Here, since the 16S rDNA sequence slightly differs depending on the type of bacteria contained in the intestinal flora, when the amplified DNA is cleaved with a restriction enzyme, the site cleaved by the restriction enzyme is different for each bacterium. It will be different. Therefore, depending on the type of bacteria, the length of the end restriction fragment from which the DNA has been cleaved varies.

  The restriction enzyme for cleaving DNA is not particularly limited, but a 4-base recognition restriction enzyme is preferably used. Specifically, for example, HhaI (recognizes the sequence GCGC), MspI (recognizes the sequence CCGG), Mbol (Recognizes the sequence GATC), MaeII (recognizes the sequence ACGT), HpaII (recognizes the sequence CCGG), RsaI (recognizes the sequence GTAC) and the like.
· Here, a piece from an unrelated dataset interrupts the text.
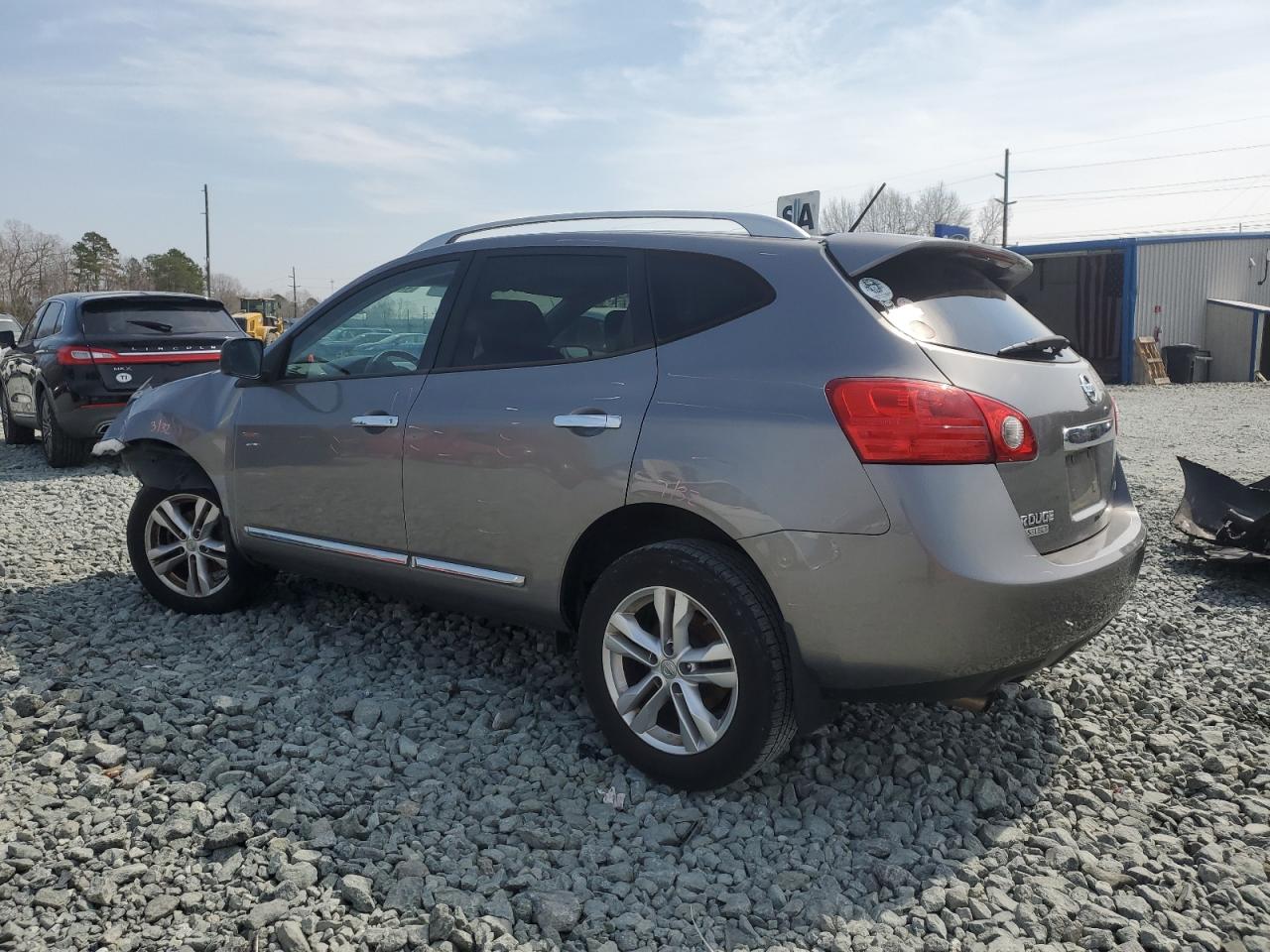 2015 Nissan Rogue - Image 2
According to these restriction enzymes, the DNA can be cleaved reliably so that the length of the end restriction fragment varies depending on the type of bacteria.

(S15) Next, according to the length of the terminal restriction fragment whose DNA has been cleaved, the kind of bacteria from which the terminal restriction fragment is derived is analyzed to analyze the kind of bacteria contained in the intestinal flora. (Analysis process).
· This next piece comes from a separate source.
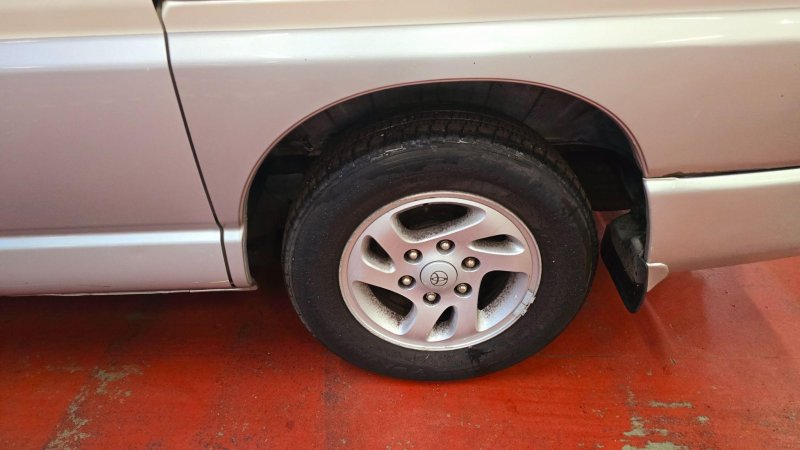 TOYOTA GRANVIA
  In this embodiment, as described above, since the end restriction fragment is fluorescently labeled with the fluorescent probe, the length of the cleaved end restriction fragment can be specified using a capillary DNA sequencer.
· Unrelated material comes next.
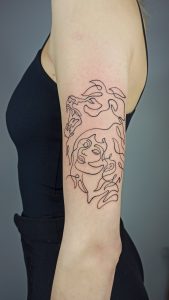 tatuaż kobieta i smok / pies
  Based on the length of the end restriction fragment detected using a capillary DNA sequencer, based on 16S rDNA information registered in public databases such as Genbank (USA), EMBL (EU), DDBJ (Japan), The type of bacteria derived from the end restriction fragment can be inferred.

  By passing through the above steps, the type of bacteria contained in the intestinal flora can be inferred using the T-RFLP method.

[Step of classifying the activity of Crohn's disease in S21 subjects]
As in the step [S1], the type of bacteria contained in each subject's sample, that is, the type of bacteria contained in the gut microbiota of each subject can be inferred.

  Here, at present, it is considered that abnormalities of immune responses caused by genetic predisposition are involved in the development of Crohn's disease.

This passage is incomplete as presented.